**EXERCISE INSTRUCTIONS:**
Give the lines again word for word, beginning with the one containing "White oversized silhouette shirt" and ending with the last line of the material below.

------------

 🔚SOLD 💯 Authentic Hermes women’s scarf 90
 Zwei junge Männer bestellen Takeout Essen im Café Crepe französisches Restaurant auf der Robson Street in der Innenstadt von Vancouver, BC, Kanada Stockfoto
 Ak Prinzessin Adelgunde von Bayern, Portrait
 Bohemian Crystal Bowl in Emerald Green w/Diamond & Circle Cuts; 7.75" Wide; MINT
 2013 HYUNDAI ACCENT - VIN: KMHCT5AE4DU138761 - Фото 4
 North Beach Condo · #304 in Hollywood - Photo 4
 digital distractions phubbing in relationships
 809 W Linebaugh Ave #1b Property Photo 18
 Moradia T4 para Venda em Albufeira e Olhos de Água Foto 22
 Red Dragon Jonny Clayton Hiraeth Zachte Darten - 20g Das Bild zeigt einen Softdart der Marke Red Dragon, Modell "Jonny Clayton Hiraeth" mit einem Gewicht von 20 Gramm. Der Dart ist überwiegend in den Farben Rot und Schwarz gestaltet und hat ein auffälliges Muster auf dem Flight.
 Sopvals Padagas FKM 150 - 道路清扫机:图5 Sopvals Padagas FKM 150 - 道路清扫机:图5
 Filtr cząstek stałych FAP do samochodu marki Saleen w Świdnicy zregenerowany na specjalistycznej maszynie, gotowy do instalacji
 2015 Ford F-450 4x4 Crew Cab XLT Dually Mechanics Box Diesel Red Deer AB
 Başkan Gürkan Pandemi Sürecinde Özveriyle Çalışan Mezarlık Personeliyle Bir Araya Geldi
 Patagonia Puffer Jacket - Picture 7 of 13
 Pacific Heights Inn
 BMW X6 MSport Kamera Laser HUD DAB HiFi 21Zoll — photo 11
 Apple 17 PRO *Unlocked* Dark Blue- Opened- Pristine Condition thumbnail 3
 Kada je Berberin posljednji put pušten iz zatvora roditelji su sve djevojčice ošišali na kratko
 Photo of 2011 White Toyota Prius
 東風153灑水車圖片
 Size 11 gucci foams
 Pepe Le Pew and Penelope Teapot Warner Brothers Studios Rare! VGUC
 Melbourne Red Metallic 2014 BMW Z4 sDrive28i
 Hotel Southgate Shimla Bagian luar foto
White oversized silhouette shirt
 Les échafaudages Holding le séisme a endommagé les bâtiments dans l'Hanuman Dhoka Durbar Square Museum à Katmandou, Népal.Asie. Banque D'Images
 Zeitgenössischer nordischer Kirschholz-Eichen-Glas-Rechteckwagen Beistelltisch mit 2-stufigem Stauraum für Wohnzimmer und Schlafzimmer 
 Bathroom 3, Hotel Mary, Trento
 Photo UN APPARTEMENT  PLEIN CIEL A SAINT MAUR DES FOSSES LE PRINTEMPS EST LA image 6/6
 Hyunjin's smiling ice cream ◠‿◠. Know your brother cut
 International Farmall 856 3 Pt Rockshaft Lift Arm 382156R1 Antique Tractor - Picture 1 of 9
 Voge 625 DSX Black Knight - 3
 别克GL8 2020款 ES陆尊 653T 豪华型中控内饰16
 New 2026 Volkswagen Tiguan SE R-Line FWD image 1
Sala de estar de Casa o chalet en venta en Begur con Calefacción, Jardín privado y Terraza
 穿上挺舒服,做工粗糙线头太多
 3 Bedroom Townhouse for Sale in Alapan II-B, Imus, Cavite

------------

**REPLY TO THE EXERCISE:**
White oversized silhouette shirt
 Les échafaudages Holding le séisme a endommagé les bâtiments dans l'Hanuman Dhoka Durbar Square Museum à Katmandou, Népal.Asie. Banque D'Images
 Zeitgenössischer nordischer Kirschholz-Eichen-Glas-Rechteckwagen Beistelltisch mit 2-stufigem Stauraum für Wohnzimmer und Schlafzimmer 
 Bathroom 3, Hotel Mary, Trento
 Photo UN APPARTEMENT  PLEIN CIEL A SAINT MAUR DES FOSSES LE PRINTEMPS EST LA image 6/6
 Hyunjin's smiling ice cream ◠‿◠. Know your brother cut
 International Farmall 856 3 Pt Rockshaft Lift Arm 382156R1 Antique Tractor - Picture 1 of 9
 Voge 625 DSX Black Knight - 3
 别克GL8 2020款 ES陆尊 653T 豪华型中控内饰16
 New 2026 Volkswagen Tiguan SE R-Line FWD image 1
Sala de estar de Casa o chalet en venta en Begur con Calefacción, Jardín privado y Terraza
 穿上挺舒服,做工粗糙线头太多
 3 Bedroom Townhouse for Sale in Alapan II-B, Imus, Cavite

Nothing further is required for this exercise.